Petani di Sabang dianggap "masyarakat kelas dua". Yang paling
terhormat sekaligus cepat kaya walaupun penuh risiko adalah
pedagang cangkingan dengan menyelundup. Istilah di sini: jengek,
singkatan dari jenggo ekonomi. Mereka ini berusaha meloloskan
barang eks luar negeri dari Sabang ke daratan Aceh dengan seribu
akal.
Ulah jengek cukup berani. Melewati pintu Bea Cukai, mereka
misalnya melilitkan permadani atau selimut luks eks luar negeri
di tubuhnya, lalu ditutupi dengan sarung lusuh. Atau dijinjing
dengan tas plastik besar. Walau jengek ini mudah dicurigai,
dengan berbagai permainan bisa lolos. "Setiap kresek (tas
plastik) yang lolos, oknum di sana menerima Rp 3.500," tutur
seorang sumber TEMPO. Tentu saja, selain jengek, penyelundup
kelas kakap juga beroperasi, terutama menggunakan kapal
penangkap ikan. Sedangkan jengek menyeberang ke Aceh dengan
empat kapal yang beroperasi dari pelabuhan Balohan, 29 km dari
Sabang.
Pengawasan oknum di pelabuhan yang kurang ketat dan berbagai
gagasan yang kandas di Sabang menimbulkan banyak suara tak puas.
"Sabang cuma besar dalam rasa tetapi kecil dalam fakta," kata
Safrudin, 23 jebolan APDN Banda Aceh yang bekerja di kantor wali
kota Sabang.

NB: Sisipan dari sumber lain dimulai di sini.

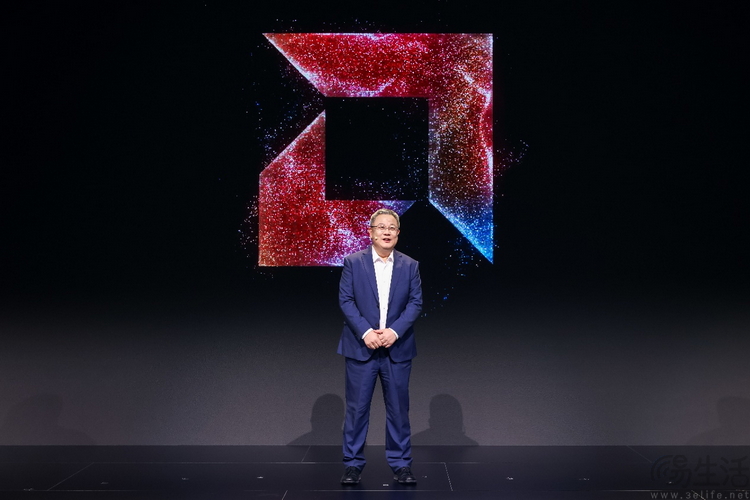 AMD潘晓明：携手产业链合作伙伴迈入AI PC新时代！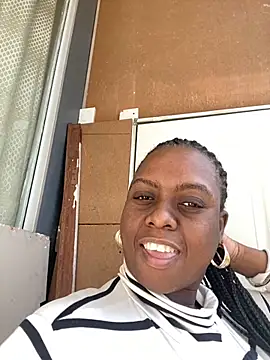 Snapshot of Biggblackboobs chatting on 09.26.25 Biggblackboobs online show from 09.26.25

Dia mengaku, satu-satunya kebanggaan jadi penduduk
Sabang hanya ketika lagu perjuangan dari Barat sampai ke Timur
diubah menjadi Dari Sabang sampai Merauke. Selebihnya tak ada
apa-apa.
Siaran TVRI tak mudah diterima di Sabang dan sekitarnya. Dengan
antena tinggi, layar pesawat sering dimasuki bahasa Urdu dan
Thailand, entah dari pemancar yang mana. Karena itu, video kaset
menjadi laris apalagi gedung bioskop yan dua buah itu kini cuma
sebuah yang lebih banyak memutar film India.
Hubungan ke Sumatera, selain dengan empat kapal motor dari
Pelabuhan Sabang dan Balohan, juga bisa lewat udara. Lapangan
Cot Bak U terletak 2 km dari pusat Kota Sabang, milik TNI-AU,
setiap hari disinggahi pesawat Dakota dan Twin Otter
menghubungkan Pelabuhan Blang Bintang di Banda Aceh.